Tuesday, December 3, 2013

Feeling a little off today

I wish I could always have happy, uplifting posts, but it doesn't appear to be working that way. With addiction, one has to take into account that some days are harder than others, Today is one of those days. Honestly, I have been feeling just a little off for a couple of days. It's a weird feeling, not really depressed, discouraged, lonely, worthless, or any of those feelings that build up inside me and lead me to acting out. Maybe it is possible that I just feel like something is being unfulfilled. Like the desire to be working right now, instead of home for yet another day while my clients are deciding whether or not they want home health services. I'm used to being gone almost all the time, and it is so hard to have gone from working 48 hours a week to working 8. It's not that I haven't looked, I have.
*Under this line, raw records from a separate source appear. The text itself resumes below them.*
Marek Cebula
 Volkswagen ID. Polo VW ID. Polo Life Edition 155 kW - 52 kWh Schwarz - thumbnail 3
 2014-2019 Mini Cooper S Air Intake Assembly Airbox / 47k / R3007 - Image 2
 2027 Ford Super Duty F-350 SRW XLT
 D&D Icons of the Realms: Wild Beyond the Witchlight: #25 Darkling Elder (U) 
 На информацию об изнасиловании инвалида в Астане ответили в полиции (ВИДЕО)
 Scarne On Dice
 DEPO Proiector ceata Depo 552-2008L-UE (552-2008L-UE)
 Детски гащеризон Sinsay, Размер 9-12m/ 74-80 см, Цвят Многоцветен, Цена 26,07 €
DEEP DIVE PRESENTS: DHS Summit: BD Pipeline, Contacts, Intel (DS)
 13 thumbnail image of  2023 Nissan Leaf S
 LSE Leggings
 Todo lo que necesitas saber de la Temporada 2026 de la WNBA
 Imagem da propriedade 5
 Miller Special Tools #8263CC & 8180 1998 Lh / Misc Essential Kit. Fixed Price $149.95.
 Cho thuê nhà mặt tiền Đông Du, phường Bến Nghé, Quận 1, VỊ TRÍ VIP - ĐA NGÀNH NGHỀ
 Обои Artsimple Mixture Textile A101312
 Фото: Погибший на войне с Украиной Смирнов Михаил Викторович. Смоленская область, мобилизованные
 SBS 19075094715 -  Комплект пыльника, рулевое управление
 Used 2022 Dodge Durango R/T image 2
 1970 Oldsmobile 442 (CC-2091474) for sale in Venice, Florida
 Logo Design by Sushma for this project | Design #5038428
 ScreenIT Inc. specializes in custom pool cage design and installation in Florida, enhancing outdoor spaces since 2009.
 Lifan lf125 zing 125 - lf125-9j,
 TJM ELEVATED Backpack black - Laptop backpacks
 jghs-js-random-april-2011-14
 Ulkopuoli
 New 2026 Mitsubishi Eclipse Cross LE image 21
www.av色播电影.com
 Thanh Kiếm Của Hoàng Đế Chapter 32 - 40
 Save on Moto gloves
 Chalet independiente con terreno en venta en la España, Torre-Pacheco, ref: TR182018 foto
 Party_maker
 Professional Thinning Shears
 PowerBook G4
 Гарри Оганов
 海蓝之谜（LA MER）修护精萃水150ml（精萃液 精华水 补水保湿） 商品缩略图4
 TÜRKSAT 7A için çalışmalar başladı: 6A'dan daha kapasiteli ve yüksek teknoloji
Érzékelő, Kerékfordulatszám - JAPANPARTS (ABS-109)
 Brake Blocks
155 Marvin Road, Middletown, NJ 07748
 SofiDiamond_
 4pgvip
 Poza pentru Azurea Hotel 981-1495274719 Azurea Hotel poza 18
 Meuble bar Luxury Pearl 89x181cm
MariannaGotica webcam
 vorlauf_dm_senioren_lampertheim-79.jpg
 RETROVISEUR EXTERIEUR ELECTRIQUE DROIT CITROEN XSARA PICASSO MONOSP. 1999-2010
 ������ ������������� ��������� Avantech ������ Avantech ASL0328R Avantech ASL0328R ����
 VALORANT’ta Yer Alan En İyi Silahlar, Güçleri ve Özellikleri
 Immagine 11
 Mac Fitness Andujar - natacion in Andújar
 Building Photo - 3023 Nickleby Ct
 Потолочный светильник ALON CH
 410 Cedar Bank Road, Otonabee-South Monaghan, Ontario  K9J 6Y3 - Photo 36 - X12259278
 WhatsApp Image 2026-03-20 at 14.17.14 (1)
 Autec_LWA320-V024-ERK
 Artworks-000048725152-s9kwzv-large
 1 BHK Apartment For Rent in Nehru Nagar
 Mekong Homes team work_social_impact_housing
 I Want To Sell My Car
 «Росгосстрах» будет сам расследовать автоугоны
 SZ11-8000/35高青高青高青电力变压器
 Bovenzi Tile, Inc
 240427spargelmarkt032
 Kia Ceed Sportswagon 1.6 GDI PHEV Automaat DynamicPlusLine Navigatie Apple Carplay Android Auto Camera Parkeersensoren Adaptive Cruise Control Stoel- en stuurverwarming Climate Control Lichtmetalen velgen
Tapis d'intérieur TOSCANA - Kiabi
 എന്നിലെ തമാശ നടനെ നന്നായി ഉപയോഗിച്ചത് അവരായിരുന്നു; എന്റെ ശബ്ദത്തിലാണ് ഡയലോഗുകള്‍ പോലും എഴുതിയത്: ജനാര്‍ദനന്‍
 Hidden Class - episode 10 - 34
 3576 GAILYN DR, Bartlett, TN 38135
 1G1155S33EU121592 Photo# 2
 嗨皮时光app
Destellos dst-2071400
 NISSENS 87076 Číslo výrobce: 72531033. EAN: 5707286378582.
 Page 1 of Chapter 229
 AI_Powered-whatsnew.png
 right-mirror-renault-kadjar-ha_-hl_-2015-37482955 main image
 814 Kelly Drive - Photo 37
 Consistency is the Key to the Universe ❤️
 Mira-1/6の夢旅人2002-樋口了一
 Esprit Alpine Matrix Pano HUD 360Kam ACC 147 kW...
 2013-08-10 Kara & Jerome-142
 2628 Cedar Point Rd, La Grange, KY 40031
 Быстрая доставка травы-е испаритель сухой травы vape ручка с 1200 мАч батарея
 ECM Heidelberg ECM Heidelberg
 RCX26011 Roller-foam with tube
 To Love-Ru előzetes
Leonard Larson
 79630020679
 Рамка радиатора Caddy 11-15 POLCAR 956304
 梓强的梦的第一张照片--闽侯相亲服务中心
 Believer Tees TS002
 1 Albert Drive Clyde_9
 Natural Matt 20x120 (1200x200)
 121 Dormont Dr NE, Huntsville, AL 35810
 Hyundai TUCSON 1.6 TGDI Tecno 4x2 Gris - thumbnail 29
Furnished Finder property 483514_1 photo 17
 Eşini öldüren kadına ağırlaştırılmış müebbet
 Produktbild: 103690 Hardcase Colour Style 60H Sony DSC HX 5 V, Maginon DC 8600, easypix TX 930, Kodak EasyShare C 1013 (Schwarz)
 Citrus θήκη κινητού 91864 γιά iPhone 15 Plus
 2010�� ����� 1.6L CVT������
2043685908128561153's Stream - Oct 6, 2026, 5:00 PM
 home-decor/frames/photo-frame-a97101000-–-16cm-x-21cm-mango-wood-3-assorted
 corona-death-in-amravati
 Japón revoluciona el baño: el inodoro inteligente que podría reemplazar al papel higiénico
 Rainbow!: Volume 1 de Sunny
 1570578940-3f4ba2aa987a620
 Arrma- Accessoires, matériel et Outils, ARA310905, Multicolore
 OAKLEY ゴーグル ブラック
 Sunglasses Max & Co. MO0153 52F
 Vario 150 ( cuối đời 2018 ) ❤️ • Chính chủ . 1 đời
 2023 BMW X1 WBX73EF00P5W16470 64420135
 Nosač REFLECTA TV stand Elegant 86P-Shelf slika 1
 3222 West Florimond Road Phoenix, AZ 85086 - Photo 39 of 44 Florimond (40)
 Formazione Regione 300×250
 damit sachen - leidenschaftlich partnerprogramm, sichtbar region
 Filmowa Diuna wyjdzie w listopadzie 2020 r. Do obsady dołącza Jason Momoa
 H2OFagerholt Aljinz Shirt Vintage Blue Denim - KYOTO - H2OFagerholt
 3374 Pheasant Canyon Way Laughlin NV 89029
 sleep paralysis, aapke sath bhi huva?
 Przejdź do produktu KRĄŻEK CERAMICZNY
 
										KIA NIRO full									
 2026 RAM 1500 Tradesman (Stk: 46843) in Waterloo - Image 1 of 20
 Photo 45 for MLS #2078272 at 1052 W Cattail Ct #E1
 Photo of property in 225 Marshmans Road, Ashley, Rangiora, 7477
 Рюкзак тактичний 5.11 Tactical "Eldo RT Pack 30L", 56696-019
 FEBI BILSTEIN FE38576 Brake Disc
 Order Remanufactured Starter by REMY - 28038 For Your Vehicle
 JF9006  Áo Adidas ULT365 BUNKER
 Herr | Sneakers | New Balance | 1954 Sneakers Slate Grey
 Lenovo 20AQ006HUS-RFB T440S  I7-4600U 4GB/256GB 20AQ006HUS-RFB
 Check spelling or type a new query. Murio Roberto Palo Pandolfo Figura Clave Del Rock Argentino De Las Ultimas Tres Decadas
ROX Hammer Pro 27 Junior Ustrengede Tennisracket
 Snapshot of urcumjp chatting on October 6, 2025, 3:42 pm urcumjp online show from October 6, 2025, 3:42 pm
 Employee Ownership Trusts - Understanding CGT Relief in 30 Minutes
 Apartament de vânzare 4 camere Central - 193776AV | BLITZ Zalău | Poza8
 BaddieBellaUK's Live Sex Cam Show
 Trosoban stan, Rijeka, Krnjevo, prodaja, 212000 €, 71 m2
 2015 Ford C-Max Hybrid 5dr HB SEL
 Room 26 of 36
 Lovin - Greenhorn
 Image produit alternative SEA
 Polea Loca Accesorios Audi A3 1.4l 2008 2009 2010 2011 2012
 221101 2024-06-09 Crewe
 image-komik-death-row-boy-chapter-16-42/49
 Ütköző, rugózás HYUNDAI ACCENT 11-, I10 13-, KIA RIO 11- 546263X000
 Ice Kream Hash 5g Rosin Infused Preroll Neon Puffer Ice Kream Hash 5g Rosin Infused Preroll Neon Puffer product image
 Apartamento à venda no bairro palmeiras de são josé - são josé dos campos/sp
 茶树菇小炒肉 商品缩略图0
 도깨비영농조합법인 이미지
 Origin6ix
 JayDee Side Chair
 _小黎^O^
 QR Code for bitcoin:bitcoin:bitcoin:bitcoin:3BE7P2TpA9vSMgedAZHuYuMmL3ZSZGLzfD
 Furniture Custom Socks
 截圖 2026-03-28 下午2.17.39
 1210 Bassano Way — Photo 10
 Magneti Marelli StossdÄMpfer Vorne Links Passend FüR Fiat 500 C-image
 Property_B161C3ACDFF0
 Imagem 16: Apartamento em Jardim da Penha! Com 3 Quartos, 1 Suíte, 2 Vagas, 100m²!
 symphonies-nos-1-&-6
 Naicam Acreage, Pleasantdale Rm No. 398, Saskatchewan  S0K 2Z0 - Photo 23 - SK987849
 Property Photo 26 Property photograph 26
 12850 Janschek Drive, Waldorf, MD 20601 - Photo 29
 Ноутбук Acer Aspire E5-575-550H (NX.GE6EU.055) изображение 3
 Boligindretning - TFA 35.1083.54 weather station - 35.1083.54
And in fact, I was just hired on at a new company, but now I am just sitting here, waiting for hours to be given to me. Ridiculous, it is. Three jobs and only working 8 hours. Really it is driving me insane and crazy to not be busy! Perhaps there is some reason I am supposed to be going through this right now. Not that I know what that reason is. Sure wish I did thought. It appears that once again the Lord is trying to teach me. But it feels like I am not listening, or not hearing. Something is not right in my life if I am not hearing the inspiration I am so used to receiving. My dailies are not suffering, I am doing all the things I need to do every day to stay close to Christ.

Maybe I should go to a meeting, get out of this dratted house and my corner of the basement. That means going out in the snow, but maybe, just maybe it will be good for me.